In my last role as a managing consultant in the Operations Research and Analytics team of a large global consultancy, I also ran recruitment. Having spoken to or met 150-200 of such candidates personally, and my recruitment team saw multiples of this number, I can tell you not many of those candidates made the cut. That's because they didn't have all of the skills we were looking for. And we were only looking for the first 2.5 of the 5 core skill-sets of a data scientist below. "Good luck" is what people offer to this talent-search problem, but I think we can get around the unicorns.

The 5 core skills of a Data Scientist 

Expanding on the data science venn diagram, I think the following 5 skills deserve closer attention, separately*.
  • Business consulting (from problem definition to stakeholder and team management) :: what problem to solve
  • Analysis and modelling (maths, stats, physics, OR, engineering, etc. / note this includes coding) :: how to solve it
  • Communication and visualisation (artistic and functional, learn the visualisation tools) :: how to tell the story
  • Data engineering (take data in, store it, push data out: computer science) :: how to get the data for the solution
  • Programming (for enterprise use at production level, software engineering, integrating into BI systems, automated decision making embedded in operational systems) :: how to make the solution useful to a wider audience

Furthermore, each of the above have subfields and specialties, because they are complicated in their own right. It is not possible to be very good at so many things, not at scale anyway or to be above mediocracy at best. How many sportsman/woman excel at more than one sport, for example?

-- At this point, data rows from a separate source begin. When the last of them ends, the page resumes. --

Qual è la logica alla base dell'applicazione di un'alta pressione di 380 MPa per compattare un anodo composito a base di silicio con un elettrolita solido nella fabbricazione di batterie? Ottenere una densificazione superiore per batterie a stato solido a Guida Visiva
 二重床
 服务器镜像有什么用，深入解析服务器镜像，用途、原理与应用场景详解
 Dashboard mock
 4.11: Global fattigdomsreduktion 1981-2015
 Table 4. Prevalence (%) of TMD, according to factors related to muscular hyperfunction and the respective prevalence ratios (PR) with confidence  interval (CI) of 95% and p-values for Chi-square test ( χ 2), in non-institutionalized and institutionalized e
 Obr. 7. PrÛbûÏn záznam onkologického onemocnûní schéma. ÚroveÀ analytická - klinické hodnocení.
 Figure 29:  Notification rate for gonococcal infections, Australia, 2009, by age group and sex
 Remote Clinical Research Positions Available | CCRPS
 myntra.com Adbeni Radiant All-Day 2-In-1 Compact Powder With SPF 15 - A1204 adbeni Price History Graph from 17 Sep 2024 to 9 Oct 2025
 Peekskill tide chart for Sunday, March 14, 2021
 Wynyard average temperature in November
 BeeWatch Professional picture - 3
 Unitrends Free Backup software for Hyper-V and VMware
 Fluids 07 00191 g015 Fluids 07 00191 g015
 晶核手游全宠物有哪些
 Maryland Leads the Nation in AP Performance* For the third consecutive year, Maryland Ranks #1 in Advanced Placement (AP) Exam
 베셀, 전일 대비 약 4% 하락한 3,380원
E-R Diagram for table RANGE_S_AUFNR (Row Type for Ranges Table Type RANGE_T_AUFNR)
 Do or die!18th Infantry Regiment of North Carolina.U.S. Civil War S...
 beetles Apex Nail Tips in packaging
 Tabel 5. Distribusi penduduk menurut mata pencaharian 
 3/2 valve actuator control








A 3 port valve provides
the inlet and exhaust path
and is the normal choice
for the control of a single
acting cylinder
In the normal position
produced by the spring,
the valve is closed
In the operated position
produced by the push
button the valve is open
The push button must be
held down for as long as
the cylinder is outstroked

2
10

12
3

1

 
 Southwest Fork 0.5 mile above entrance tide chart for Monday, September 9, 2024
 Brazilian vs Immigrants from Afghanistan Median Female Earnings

It's a lot to ask for one person. So, why ask just one person?

The thing is, these people all exist, have existed, and will exist. They are just separate individuals. They have labels like business analytics consultants, statisticians and modellers (operations researchers included), data visualisation experts, DBAs and software engineers. Yes, they are also talents in need, but they are not unicorns. If we need data scientists in troves, we need a team, not just a few geniuses.

The future I see is like the age old relationship advice: 

Don't try to change them. Instead, let's change how we work with them.

People should diversify a bit, for instance a modeller should be able to code, but ultimately they need to specialise in something they are good at. A modeller must be able to prototype on his/her own, which requires coding skills, but s/he shouldn't be expected to produce production-ready code for large scale applications. Similarly, asking a good modeller to do database administration and ETL tasks is a waste of talent, Hadoop or not.

Specialisation is the reason for humanity's proliferation. Therefore, I'd say it's not the people we need to change, but the system that we need to setup to allow such specialised workforce to team up together. It's lazy for the analytics field to put up its feet and just summon one person to provide it all.

As a starter-for-ten, I think the future of our field could be modelled after the traditional IT project group make-up:
  • The technical "purists": analytics modeller, data engineer, visualiser, programmer
  • The "bridge": more like a traditional business analyst
  • The "glue": project manager with business consulting skills
There will be complications to address. To name a few...topics for another post:
  • Who should start up your data science team?
  • What's the load balance? (how much of each skill to have)
  • How to coordinate the division of labour?
  • Where should they sit in the organisation?
  • How to prioritise the problems to set them working on?
  • How to manage this team?
  • What's the career path?


Where do you think the analytics field is heading to?


Disclaimer:
My views are definitely biased by my background: I am a manager in business analytics consulting, trained in Operations Research and Computer Science.

* My expansion on the data science venn diagram's 3 skills are based on various articles, such as O'Reilly guideIntro to DS skills, and job requirements on numerous current data science job posts.